The above thought experiment is a good example of what the “learning” part in machine learning is; the use of **statistics**, **historical data**, and prior **knowledge** to make a best guess.

It asks the question “What was the correct answer the last time we were in a similar situation?”.

In other words, what happened the last time the pattern looked like this?

*(The pattern here including the time of year, time of day, geographical location, recent experiences, etc.) *

This may all seem obvious in hindsight, but these concepts are fundamental to learning, whether by machine or human. These concepts apply universally to much of machine learning[2], and if you understand them, you will be well equipped to critically assess the likely usefulness and impact of any machine learning application you come across.

### How hot is this bearing?

Let us apply this idea to a more practical concept: predicting the temperature of a wind turbine bearing.

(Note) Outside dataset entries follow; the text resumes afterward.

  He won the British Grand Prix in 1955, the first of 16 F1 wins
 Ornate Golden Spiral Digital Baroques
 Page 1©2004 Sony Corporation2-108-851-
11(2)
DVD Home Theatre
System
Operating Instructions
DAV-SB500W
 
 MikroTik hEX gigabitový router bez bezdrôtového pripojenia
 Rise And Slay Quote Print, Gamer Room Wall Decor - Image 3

Our **prior knowledge** can be summarised by the following:

*Bearings allow parts of a device to rotate with as little friction as possible.**We expect this friction to cause a temperature increase.**As the part rotates faster, we expect more friction, and therefore a higher temperature.**Abnormally high temperatures can be a good indicator that the bearing is failing.*

We additionally have **historical data**, in the form of 3 months of bearing temperatures and wind speeds. Let’s plot both below:

*(Top) The bearing temperature as a function of time. (Bottom) The wind speed as a function of time*

Even a cursory glance suggests our prior knowledge was correct; the bearing temperature appears to be (roughly) positively correlated with wind speed.

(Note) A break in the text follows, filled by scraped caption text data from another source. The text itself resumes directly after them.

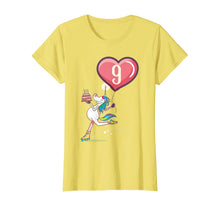 Load image into Gallery viewer, Skating UNICORN 9 year old | 9th Birthday Girl Shirt Gift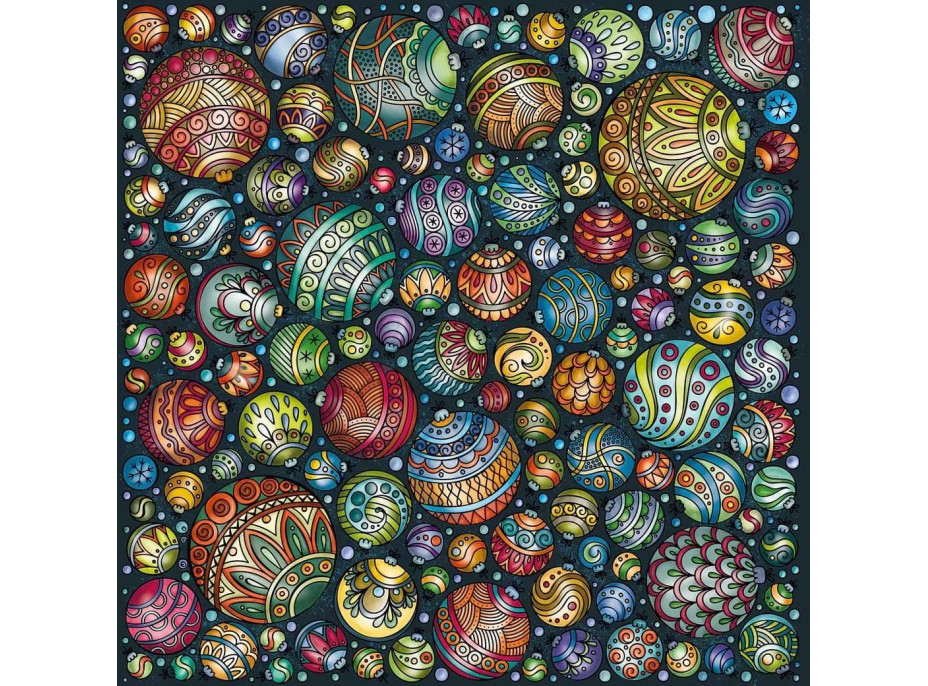 CURIOSI Čtvercové puzzle Palapeli: Barevné kuličky 248 dílků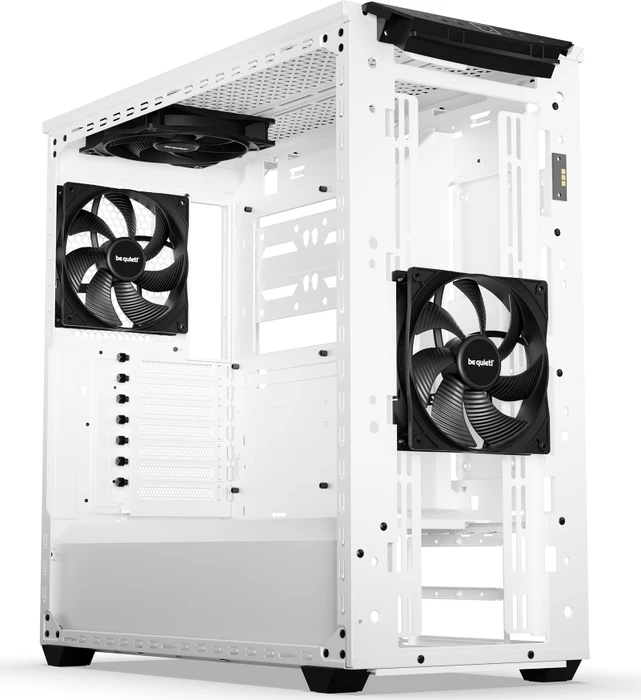 be quiet! Shadow Base 800 DX White, weiß, Glasfenster, schallgedämmt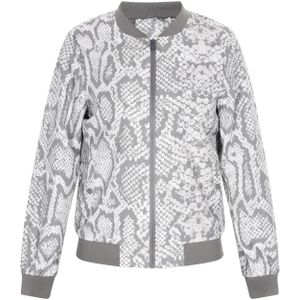 NALLY Tussenjas  greige / lichtgrijs / wit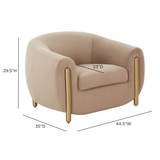 Lina Accent Chair by Inspire Me! Home Decor - Cafe Au Lait
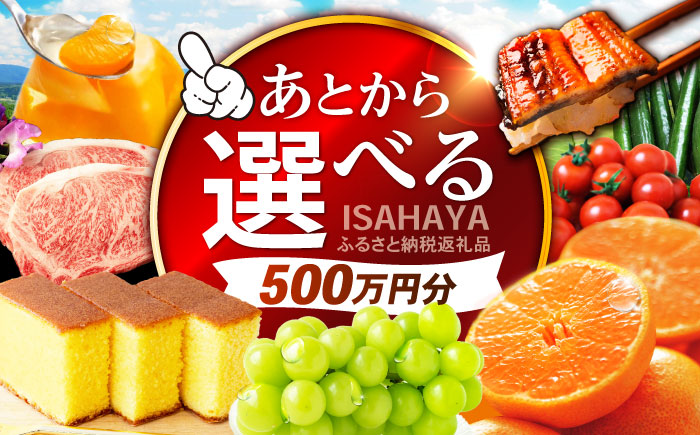 【あとから選べる】諫早市 ふるさと納税返礼品 500万円分 / あとから寄附 あとからギフト 選べる寄附 500万円 5000000円 / 諫早市 [AHDC039]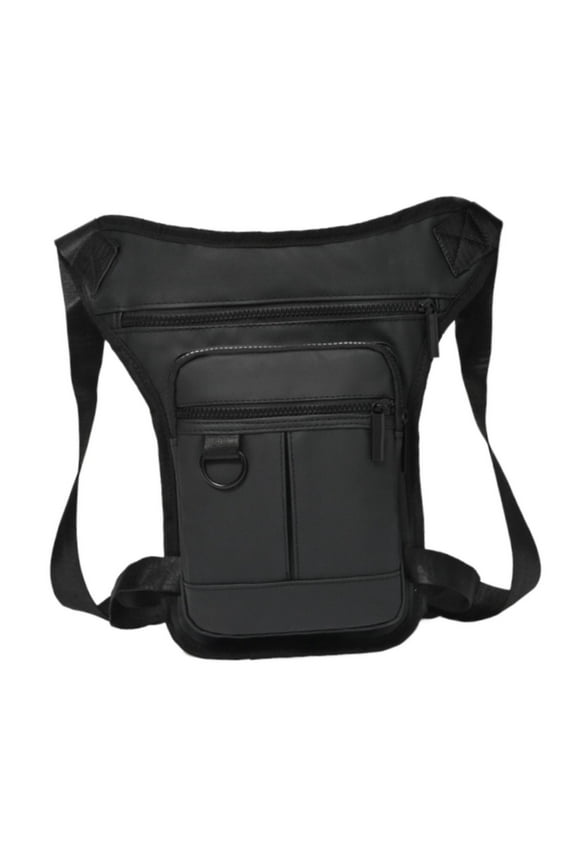 Men Waist Bag Hip Bag Fanny Pack Motorcycle Drop Leg Bag Hip Pouch Shoulder Bag Thigh Bag for Hiking Traveling Biking Camping Black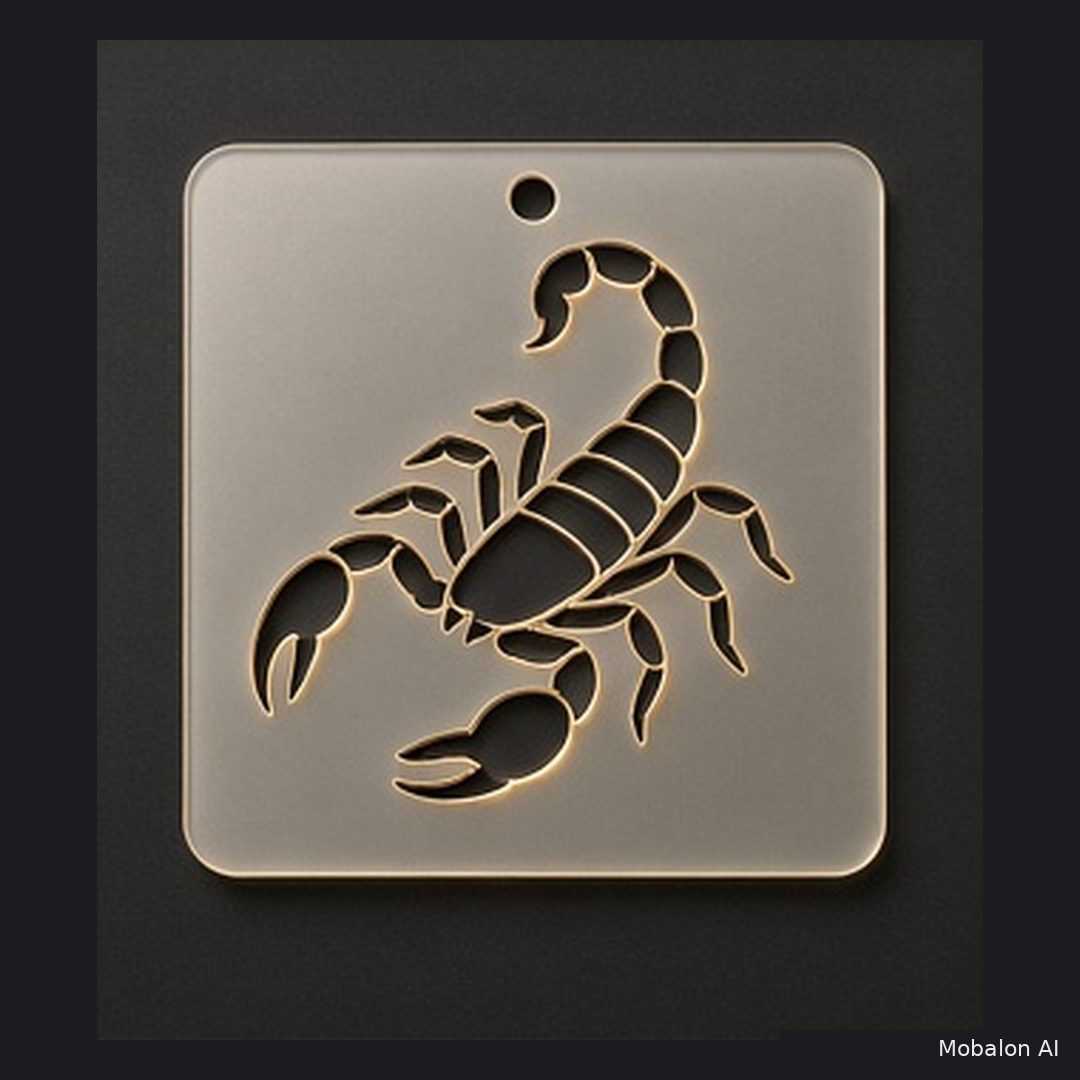 MR. HAIR ART STENCIL - SCORPION 2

Finally, we can **use statistics** based on our **prior knowledge** and **historical data** to guess what the temperature of the bearing will be, given a certain wind speed.

The simplest thing we can do with statistics is just to take the mean of our bearing temperature.

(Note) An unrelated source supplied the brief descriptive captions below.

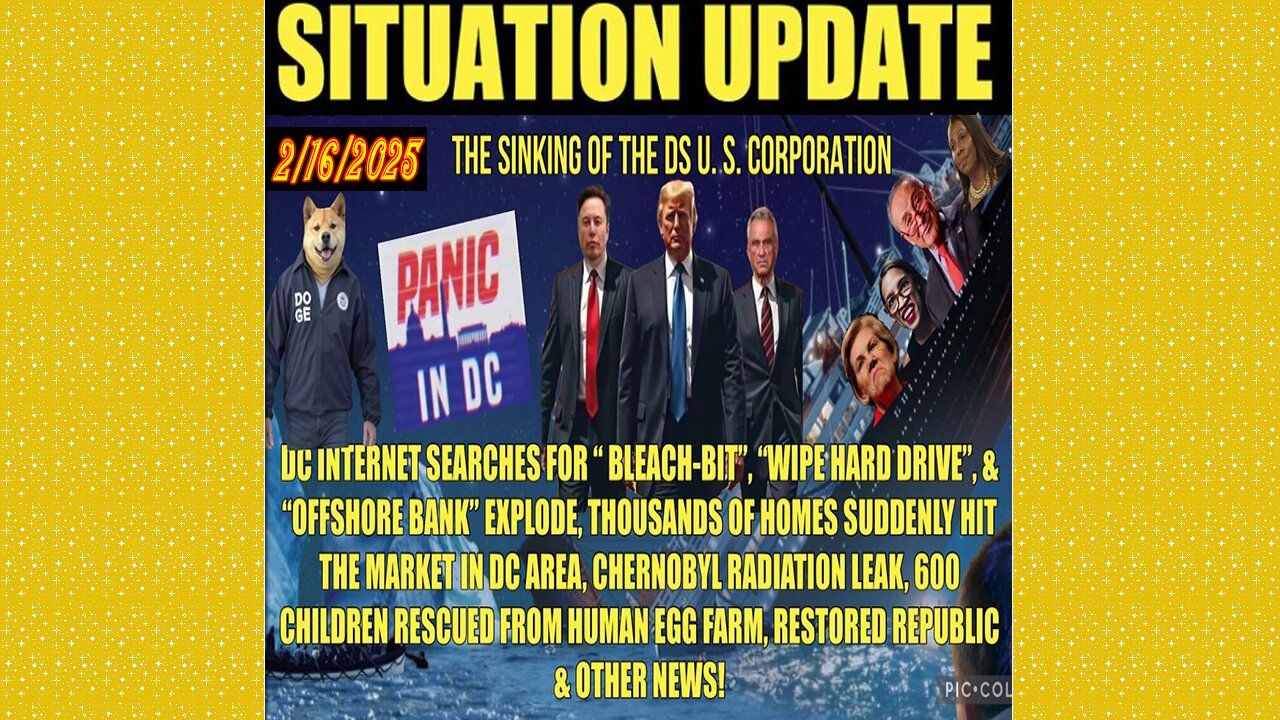 SG Anon. Juan O Savin ~ Situation Update 2/16/25 ~ Restored Republic > Judy Byington- Q+ White Hats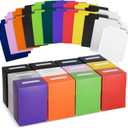 Okuna Outpost Deck Boxes with Dividers - Trading Card Storage Box & Organizer - Bulk Plastic Cases for Baseball & Game Cards - 2.88 x 1.88 x 3.88 in, Multicolor, 12-Pack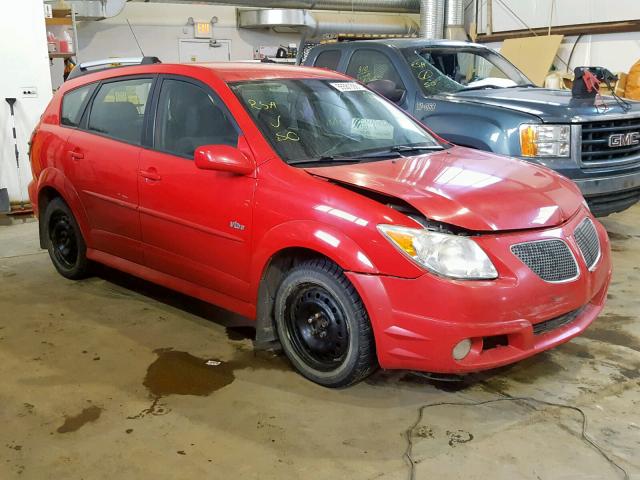 5Y2SL65826Z429307 - 2006 PONTIAC VIBE RED photo 1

*(Blue) The actual bearing temperature as a function of time. (Orange) Our first machine learning prediction, the mean temperature of the bearing over the timespan*

Congratulations! You’ve just had your machine learn from historical data! You’ve made your first machine learning model! But it feels like we can do better than this by including wind speed.

To include the effects of wind speed, I need to assume a model. For simplicity I’m going to assume that there’s a roughly linear relationship between the bearing temperature and wind speed. That is to say:

where T_{Bearing }is the bearing temperature, C_{0} is a constant, V_{Wind} is the wind speed, and C_{1} is a coefficient. We know that the true relationship isn’t linear (for instance wind turbines don’t keep turning faster at faster wind speeds) but it is good to start simple[3].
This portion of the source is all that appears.